Ao mesmo tempo, uma busca rápida por notícias mostrava que desentendimentos entre vizinhos são recorrentes no país, e, em alguns casos, a situação escalona para agressões físicas. Infelizmente, o que começa como um incômodo pode virar uma briga séria e se tornar um problema de segurança. Como sabemos que muitos desses conflitos poderiam ser evitados com diálogo, regras claras e uma boa gestão condominial, direcionamos nossa assistente IA, a Móra, para orientar síndicos e moradores, enquanto nossa plataforma já tinha as ferramentas necessárias para lidar com situações de conflito.
A assistente IA foi treinada para responder aos mais diversos problemas condominiais, 24 horas por dia, via WhatsApp. Ela responde com base na Lei dos Condomínios (Lei nº 4.591/64), nas legislações correlatas e no regulamento interno do condomínio, bastando enviar o documento do estatuto do condomínio apenas uma vez, e as respostas passam a ser personalizadas. É importante ressaltar que a treinamos para compreender o contexto social das perguntas, como o envolvimento em discussões e brigas, e dar respostas pacíficas e de acordo com as leis.
Aqui, o papel do síndico é imprescindível: além de mandar o regulamento interno do condomínio para a IA, ele deve centralizar o recebimento de reclamações dos moradores, o que pode ser feito por mensagem privada dentro da plataforma. Ele pode automatizar uma série de comunicados gerais sobre respeito às regras internas e consequências da sua quebra (assim como o envio de boletos, mensagens de cobrança de contas atrasadas e outras atividades e situações do dia a dia), tirando o caráter pessoal dos comunicados e evitando o confronto direto com os moradores e entre moradores. Veja, mais uma vez o ser humano é essencial, mas a tecnologia muda a dinâmica da sua função.
Se há algo claro para mim é que a IA vai redesenhar o trabalho no mercado imobiliário, e isso não significa a exclusão de pessoas. As profissões vão se reconfigurar e o valor humano passará a estar mais na interpretação de dados, apontando para diferentes carreiras que surgirão no setor.

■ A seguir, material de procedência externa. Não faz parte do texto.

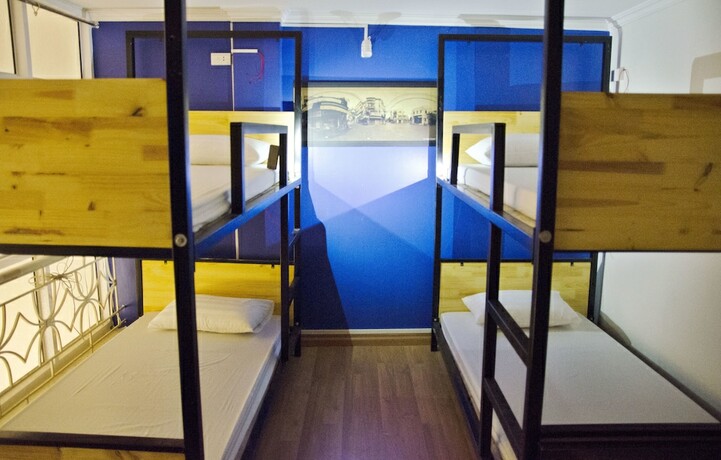 Imagen general del Hostel Ga. Foto 5
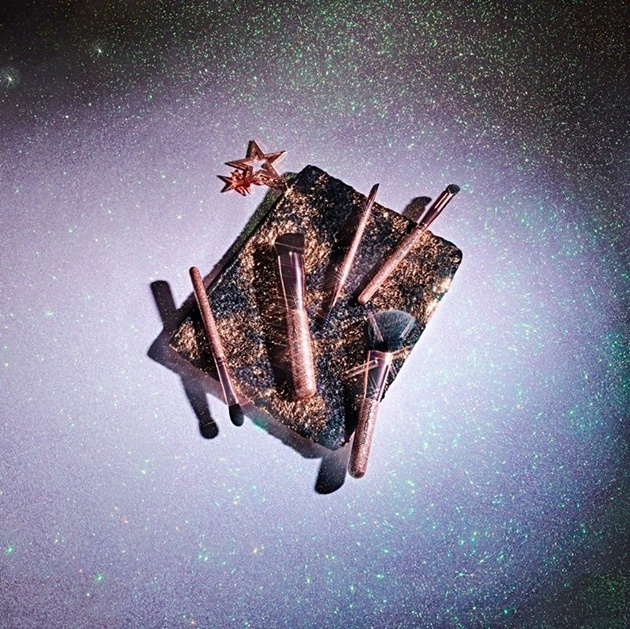 圣诞礼物美妆礼盒,美妆博主的圣诞礼物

Portanto, a pergunta para cada profissional não deve ser ‘se’ a IA vai impactar sua carreira, mas ‘como’ ele irá utilizá-la para se tornar indispensável. A verdadeira oportunidade não está em aprender a operar a máquina, mas em dominar a arte de interpretar seus resultados para resolver problemas genuinamente humanos. O futuro não é do robô, mas do profissional que sabe o que perguntar a ele.